[Start of Attachment]
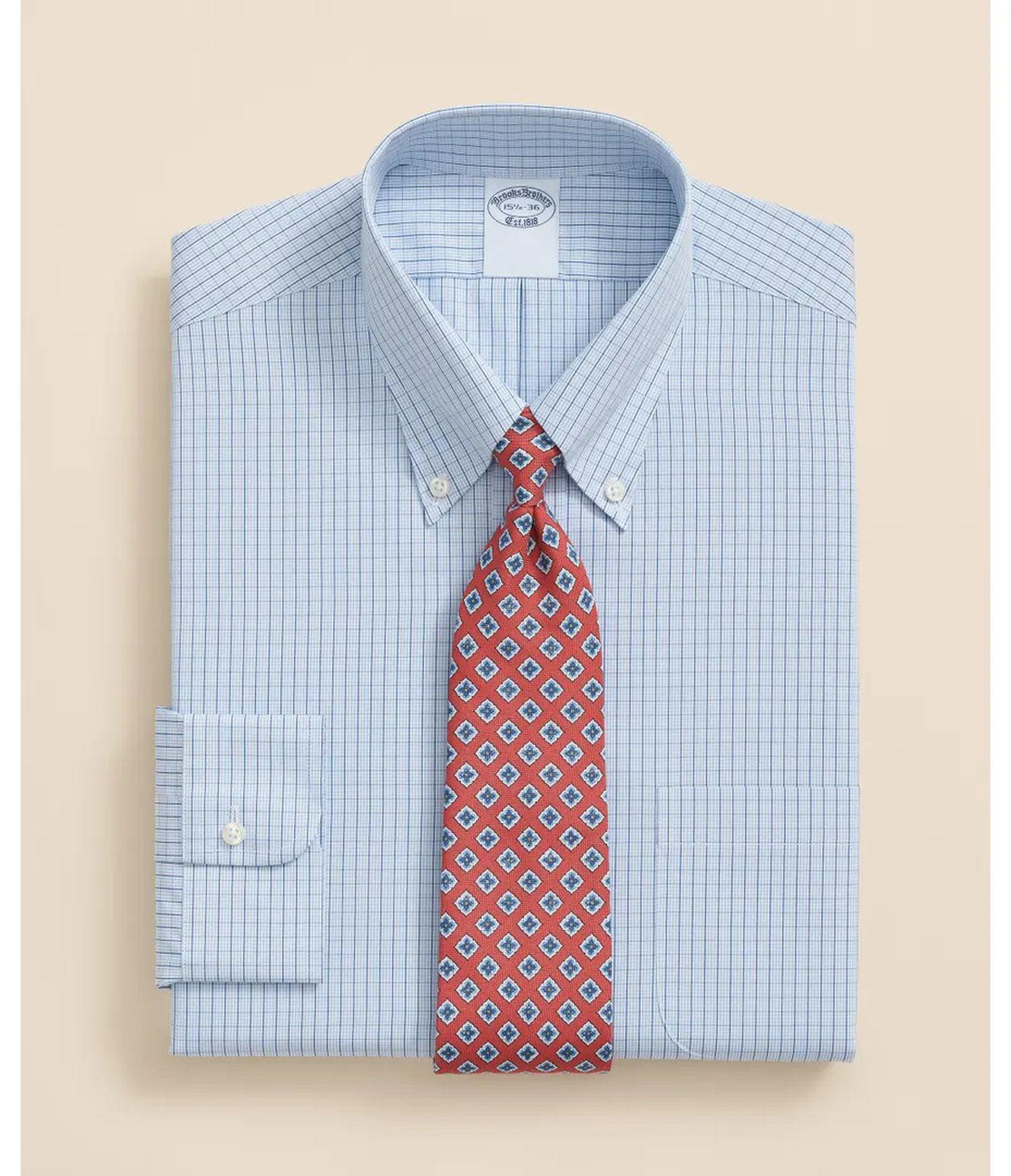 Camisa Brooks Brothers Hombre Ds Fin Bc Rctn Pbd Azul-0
[End of Attachment]
[Start of Attachment]
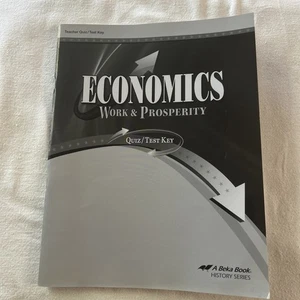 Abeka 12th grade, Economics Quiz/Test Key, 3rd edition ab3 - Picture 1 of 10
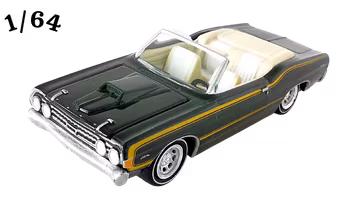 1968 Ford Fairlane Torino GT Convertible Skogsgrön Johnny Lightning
[End of Attachment]
[Start of Attachment]
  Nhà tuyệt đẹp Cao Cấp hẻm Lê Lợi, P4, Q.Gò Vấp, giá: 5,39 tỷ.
[End of Attachment]
Copy out the lines above from the line containing "Abeka 12th grade, Economics" through the line containing "1968 Ford Fairlane", exactly, and keep the pictures out.

### Answer section
 Abeka 12th grade, Economics Quiz/Test Key, 3rd edition ab3 - Picture 1 of 10
 1968 Ford Fairlane Torino GT Convertible Skogsgrön Johnny Lightning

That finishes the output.